Le film démarre fort. Un concentré d'acuité et d'émotions. Ce lien qui se noue sur quelques heures entre la généreuse Sandra, interprétée avec une sobriété incroyablement riche par une Valeria Bruni-Tedeschi qui n'a jamais été aussi émouvante, et le petit Elliott, lien marqué par un événement terrible mais aussi fondateur, est l’une des explorations les plus fines et les plus sensibles qu'il nous ait été donné de voir depuis bien longtemps. S'installe ainsi une atmosphère en clair-obscur un peu magique, propre à l'enfance, à l'image de cet instant qui précède l'endormissement, veilleuse allumée ou lumière à peine éteinte, quand les cartes se rebattent et font hésiter le sommeil entre rêve et cauchemar.
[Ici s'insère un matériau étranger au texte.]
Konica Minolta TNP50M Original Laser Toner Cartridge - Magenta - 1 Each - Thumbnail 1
C'est aussi la description d'une intimité qui se crée, sur un pas de porte, entre cette famille recomposée et endeuillée et cette héroïne du quotidien un peu archétypale. L'intimité, c'était le titre du livre d'Alice Ferney, que Carine Tardieu adapte. Il correspond parfaitement à cette première partie, de loin la plus réussie du film.
« Le film décrit aussi avec pertinence la façon dont le deuil peut être traversé par des relations de substitution »
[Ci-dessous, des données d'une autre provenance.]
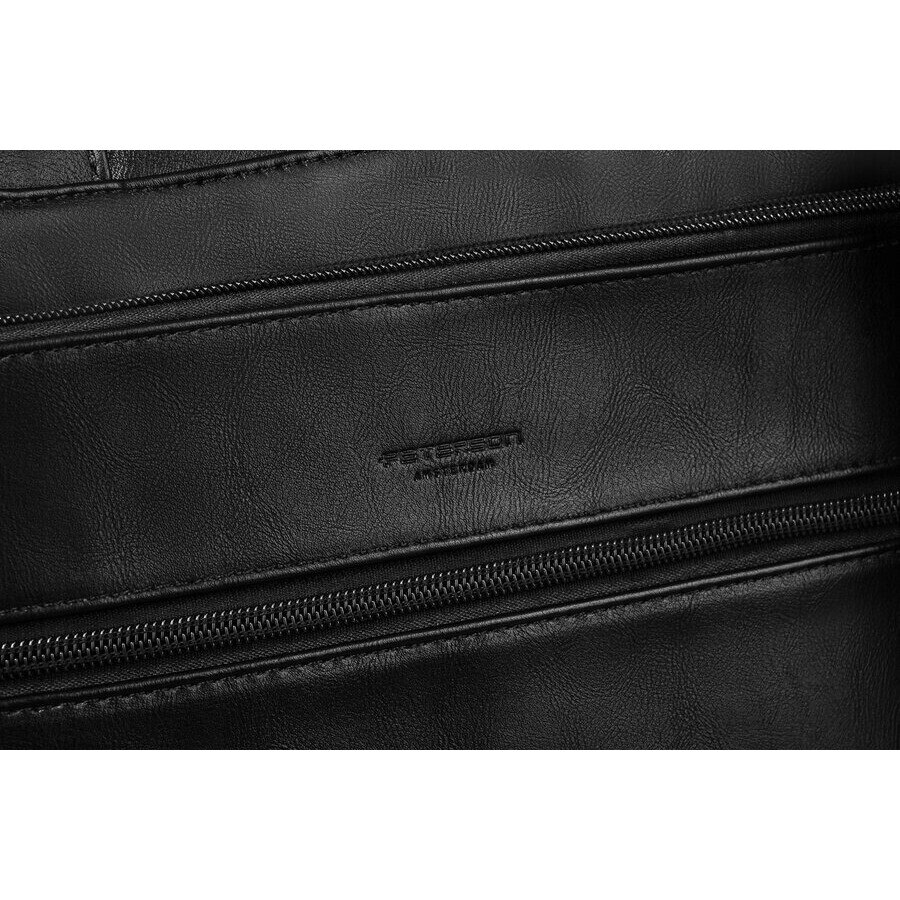Geanta laptop, Peterson, 14 inch, ecologica, cu multiple compartimente, neagra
Le problème, pas majeur mais tout de même, c'est que ces moments-là sont si impactants qu'on regrette peu à peu qu'ils laissent leur place à une chronique plus vaste, laissant apparaître des personnages qui, bien que réussis, nous sont moins attachants - justement - et nous éloignent de cette relation privilégiée. Sandra, saisie par un sentiment indéfinissable qu'elle finit par accepter, au point d'en conserver la pureté et l'unicité à tout prix, devient peu à peu l'observatrice, plus que l'actrice, de l'évolution de cette famille dans laquelle elle acquiert une place un peu singulière. Le focus se déplace sur la personne d'Alex, veuf paumé aussi sombre qu'attendrissant, se débattant dans sa peur de se confronter au sentiment de perte, répétant les mêmes erreurs, clairement décrites et nommées sans pour autant que Tardieu les juge à un quelconque instant, quand bien même certaines scènes (comme la façon dont il s'excuse auprès de la pédiatre de sa fille) dévoilent son narcissisme. Les mois passent, probablement trop vite, pour que tout soit constamment crédible. Choral, le film perd un peu en subtilité et en force. Il n'en reste pas moins touchant, dans sa façon de montrer comment certains liens arrivent à se créer par une force spontanée quand d'autres sont empêchés voire impossibles malgré les efforts. Les souffrances engendrées sont décrites avec une pudeur qui n'en exempte pas l'injustice voire la cruauté.
Au final, malgré un aspect parfois caricatural - Sandra est forcément propriétaire d'une librairie féministe - L'attachement convainc par la justesse des sentiments qu'il décrit, plus que des situations. Les personnages existent, sans que l'on sache grand chose d'eux, évoluant dans des décors que Tardieu filme à peine, comme pour mieux s'approcher de leur intériorité. Après Les enfants des autres et surtout Le roman de Jim, le film est une nouvelle occasion de célébrer ces liens créés par les circonstances, à la fois pas tout à fait mais, par là même, encore plus familiaux. Il décrit aussi avec pertinence la façon dont le deuil peut être traversé par des relations de substitution, comme si l'attachement secure constituait un recours vital à la perte de l'objet d'amour, voire de l'amour lui-même.